SURFACE MOUNTED GASKETS Surface mounted gaskets, such as electrically conductive elastomeric gaskets, knitted wire mesh conductive fabric over foam and beryllium copper finger strips, aim to compress the gasket between 10 per cent – the minimum with a solid conductive elastomer style of gasket – and up to 50 per cent – with hollow tubular or cellular styles. Some form of compression stop or limit is essential with surface mounted gaskets to eliminate the possibility of over compression. These compression stops can be built into many styles of gasket or made as an integral part of the flange; their height being equal to that of the maximum compressed height of the gasket. Conductive fabric over foam and beryllium copper


fingers can be compressed further than mesh and elastomeric gaskets but lack the benefits of environmental sealing. Very small land widths can be gasketed with a form-in-place conductive elastomer bead deposited directly to the gasket surface. This is particularly suited to gasketing complex, multi-compartment, labyrinth machined enclosures. Bead sizes can be as small as 0.5mm wide. Electrically conductive and non-conductive beads are available and can be placed in tandem to give EMI and environmental sealing.

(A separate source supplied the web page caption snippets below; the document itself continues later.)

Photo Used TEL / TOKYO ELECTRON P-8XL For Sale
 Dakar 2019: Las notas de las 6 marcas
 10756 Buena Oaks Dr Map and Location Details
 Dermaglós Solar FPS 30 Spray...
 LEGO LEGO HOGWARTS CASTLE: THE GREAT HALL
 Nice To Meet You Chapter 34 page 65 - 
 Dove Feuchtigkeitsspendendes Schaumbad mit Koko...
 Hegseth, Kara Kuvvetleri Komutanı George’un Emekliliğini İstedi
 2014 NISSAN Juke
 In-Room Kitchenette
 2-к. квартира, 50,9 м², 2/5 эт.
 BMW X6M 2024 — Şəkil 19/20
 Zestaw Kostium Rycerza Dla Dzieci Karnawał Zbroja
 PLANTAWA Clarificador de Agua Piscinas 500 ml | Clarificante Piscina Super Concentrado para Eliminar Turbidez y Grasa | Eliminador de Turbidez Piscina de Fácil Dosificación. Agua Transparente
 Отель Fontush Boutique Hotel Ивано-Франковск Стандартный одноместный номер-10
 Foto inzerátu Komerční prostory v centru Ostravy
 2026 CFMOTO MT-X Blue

❱❱ From left, below: elastomeric gaskets can be used with grooved surfaces so the compressible material can fill the groove and form a seal; the huge variety of electronic enclosures has resulted in sealing products in a vast array of forms and designs including (inset) honeycomb products for providing EMC protection through vents and apertures; and more complex sealing profiles can be provided with protection using form-in- place gaskets to provide both RFI screening and a certain amount of environmental protection


GASKETS IN GROOVES For typical electronic enclosures, groove-mounted gaskets such as o-rings are generally a better option than surface-mounted gaskets as when the gasket is compressed in the groove the two mating flanges can come into contact with each other, thereby enhancing the screening performance by improving low contact resistance. O-rings in grooves are also a much more cost effective solution and the groove also acts as a compression stop, thus protecting the gasket. Most types of gaskets can be fitted into grooves,


however a solid conductive elastomer gasket when compression forces are applied cannot change volume and has to deflect. Therefore the groove needs to be the same volume as the gasket to let the material fill the space provided for it. If the gasket overfills the groove, damage and gasket failure can occur when the mating flanges are closed together.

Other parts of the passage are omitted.